_Work required_
Find the line containing "KB pria bikin ga bisa crot ?", then return it and every line after it through the end of the records, exactly. Leave out pictures.

*** Opening of Information supplied ***

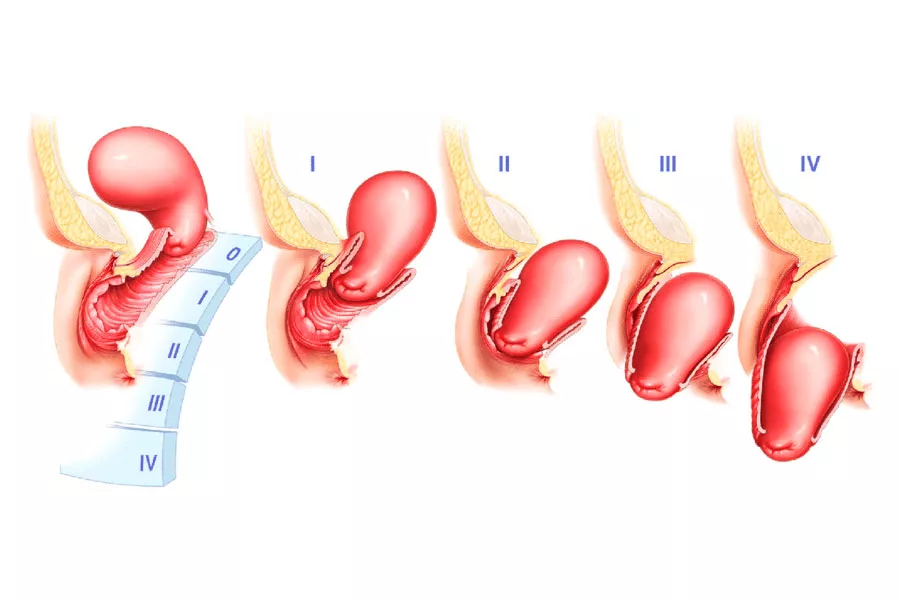 درجات افتادگی رحم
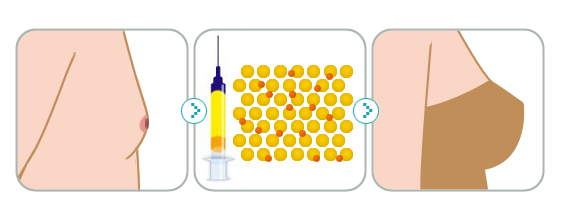 自体脂肪,隆胸,长春好的整形医院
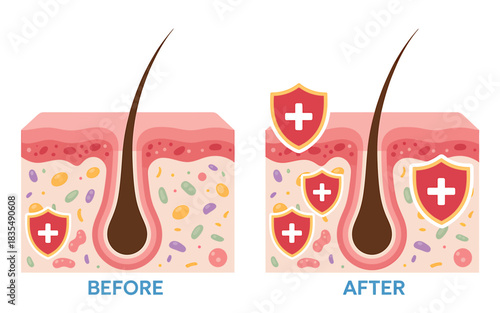 Hair Follicle Illustration Showing Before and After Treatment with Protective Shields Promoting Hair Health and Growth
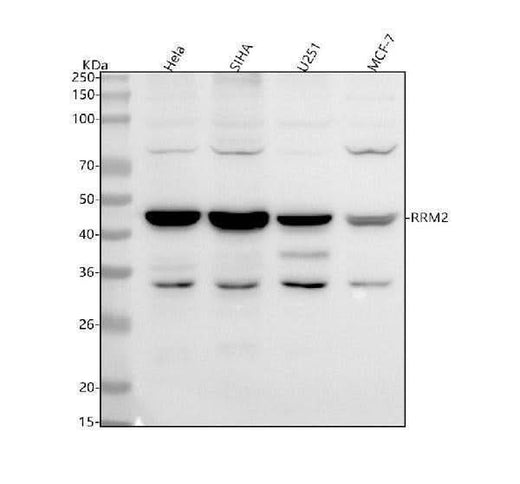 Anti-RRM2 Monoclonal Antibody Boster Bio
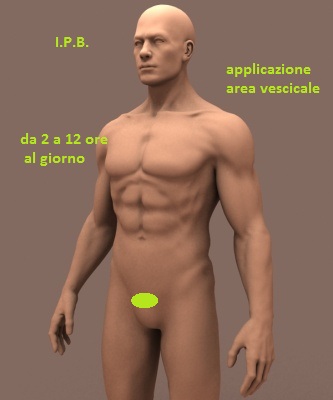  ipertrofia prostatica dieta gratis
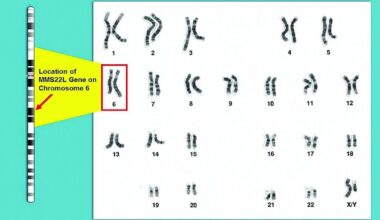 Study Suggests Genetic Mutation in Some Ashkenazi Jewish Men May Be Linked To Higher Prostate Cancer Risk | News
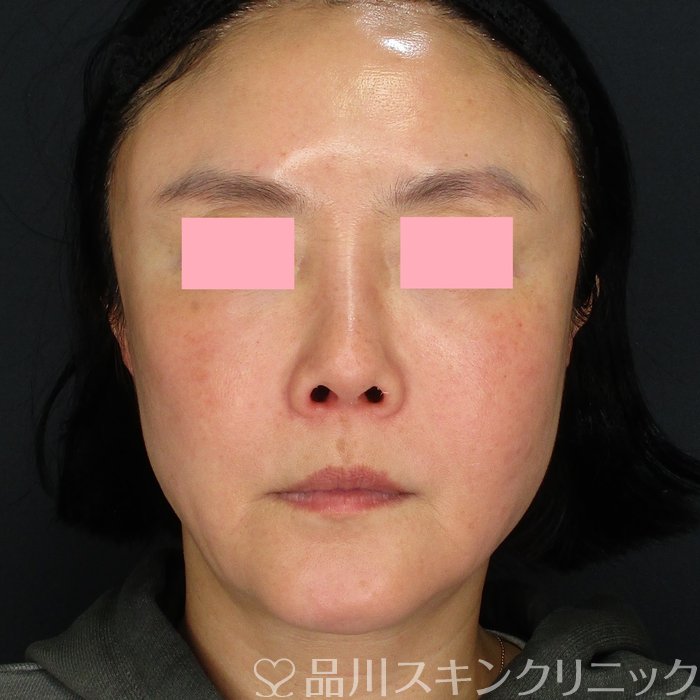 症例NO.74053のBEFORE写真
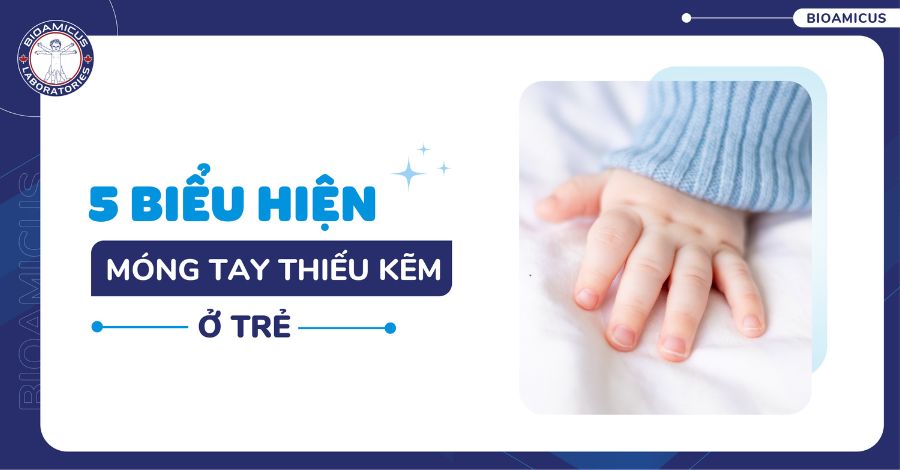5 Biểu hiện móng tay thiếu kẽm ở trẻ. Mẹ cần lưu ý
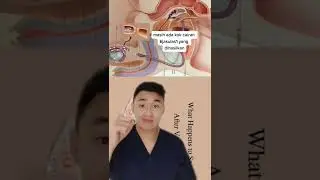 KB pria bikin ga bisa crot ? 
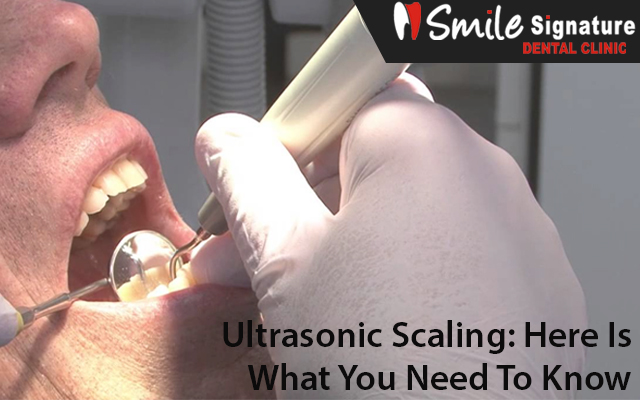 Ultrasonic Scaling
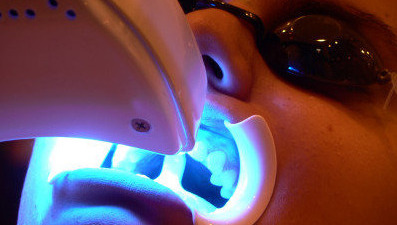 Cui se adreseaza albirea dentara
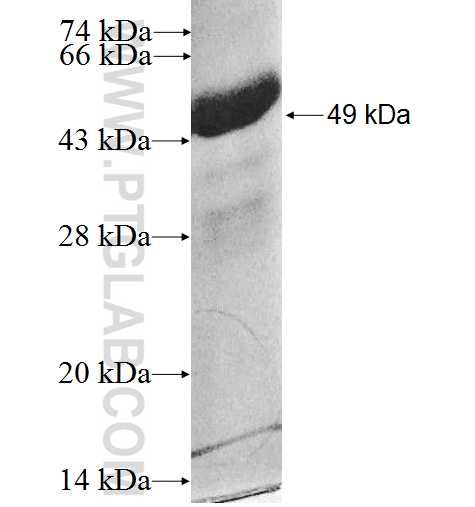 CCKBR fusion protein Ag0189 SDS-PAGE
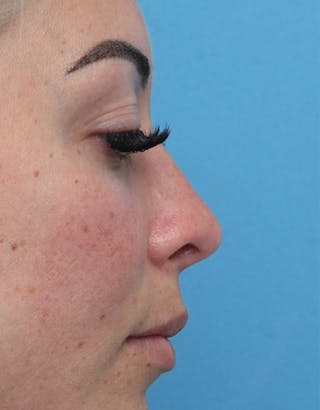 Rhinoplasty Before & After Gallery - Patient 386439 - Image 2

*** Close of Information supplied ***

_Written solution_
 KB pria bikin ga bisa crot ? 
 Ultrasonic Scaling
 Cui se adreseaza albirea dentara
 CCKBR fusion protein Ag0189 SDS-PAGE
 Rhinoplasty Before & After Gallery - Patient 386439 - Image 2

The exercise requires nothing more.